Popular taste is often cultivated and pruned in New York City. The city ostensibly excretes popular culture into the atmosphere on a regular basis and the rest of the nation invariably adjusts to what Manhattanites inform them is cool.
Many of the television shows and movies you watch are filmed in Manhattan. Many of the newspapers and magazines you read operate out of Manhattan. Actors and rock stars often either live, work or party in Manhattan.
Even the current U.S. financial crisis, the fiscal calamity on Wall Street that has the potential to malign the American economic system, is happening in Manhattan.
But if you thrive on the notion that you’re above what big city advertising and marketing executives try to sell you everyday, that you’re some how immune to popular culture and the widelyheld perceptions of what is cool — especially if you’re an emerging Rock phenomenon — Manhattan can be as difficult as trans fat to digest.
For TV on the Radio, the New York-based Punk Jazz Rock fusion quintet, gathering steam in such a city creates a problem, especially when you live in one of its boroughs. The band has been creating a steady but low buzz since their debut album OK Calculator in 2002, and while they have been on an upward trajectory since, they’ve operated generally below the radar.
However, 2006’s Return to Cookie Mountain garnered a staggering amount of positive reviews, ranking fourth best album of the year in Rolling Stone, second best on Pitchfork Media’s Top 50 Albums of the Year and it was named Spin magazine’s Album of the Year.

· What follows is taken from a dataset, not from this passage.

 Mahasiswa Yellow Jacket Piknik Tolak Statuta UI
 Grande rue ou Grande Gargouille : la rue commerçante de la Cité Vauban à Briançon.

“It’s really weird, but it’s more surreal than weird,” drummer Jaleel Bunton says of TVOTR’s newly-found fame. “It’s really great to start playing bigger venues and to have some validation as an artist. That’s a great feeling and it’s something that all of us spent most of our lives going without.”
Many factors contribute to Bunton’s fame-based surprise, one of them being that neither he nor his bandmates have any formal musical training.
“Nobody went to (music) school,” Bunton says laughing. “No one has had any kind of formal instruction. When you see us play live, that’s pretty obvious.”
In September of this year when their latest effort Dear Science hit the shelves, expectations were running high for TVOTR to make an album to rival Return to Cookie Mountain. And by all accounts, this album could be poised to make them superstars.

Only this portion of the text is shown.